It's Hard to See Culture

Maddie and I had a great conversation last night with Craig Honick, of Sector Intelligence, about the topic of culture. As a researcher, Craig has expertise on identifying and telling the story of culture in organizations and markets, and Maddie and I talk a lot about organizational culture in Humanize. For each of the four human elements we discuss in the book, we discuss how it shows up in organizational culture (as well as process and behavior).

So here’s one of the sticky points about culture we were talking about: it’s hard to see. Well, it is hard for YOU to see YOUR culture. It’s the whole fish/water thing, but you can’t see it because it’s always there and has become a part of you. It is possible for you to see it, but it takes some work. You need to dig fairly deeply into the experiences of other people in your organization and you have to have the personal courage and maturity, basically, to be able to take a piece of you and hold it out in front of you to make sense of it.

Robert Kegan, a specialist in adult development at Harvard, refers to this as the process of moving something from “subject” to “object.” As in subjective versus objective. When something is subject, you can’t see it. It is driving you in ways you probably don’t realize.

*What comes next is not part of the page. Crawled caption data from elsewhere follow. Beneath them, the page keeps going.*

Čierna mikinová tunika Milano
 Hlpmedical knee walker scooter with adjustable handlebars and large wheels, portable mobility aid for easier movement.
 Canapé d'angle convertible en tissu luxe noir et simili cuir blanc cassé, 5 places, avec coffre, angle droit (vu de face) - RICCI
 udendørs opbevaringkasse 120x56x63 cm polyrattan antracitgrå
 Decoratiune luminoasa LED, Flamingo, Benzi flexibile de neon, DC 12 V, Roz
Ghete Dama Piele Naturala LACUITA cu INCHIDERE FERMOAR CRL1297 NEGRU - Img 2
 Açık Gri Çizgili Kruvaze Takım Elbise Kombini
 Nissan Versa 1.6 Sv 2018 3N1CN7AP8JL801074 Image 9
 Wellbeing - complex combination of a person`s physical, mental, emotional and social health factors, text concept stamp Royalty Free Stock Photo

But the key to moving to a new stage of psychological development is in pulling out those assumptions and pieces of your world view that you had not articulated and holding them out in front of you. When they are “object” like that, then you can do something about them.

So if you are serious about working on your organization’s culture, give yourself some time and push yourself to see what you had not been seeing. Your culture is not those inspirational posters you have on the wall, and it’s not what you say it is in your values statement. It’s more than that and if you want to be able to change it or at least push it in a particular direction, you’re going to have to truly see it first.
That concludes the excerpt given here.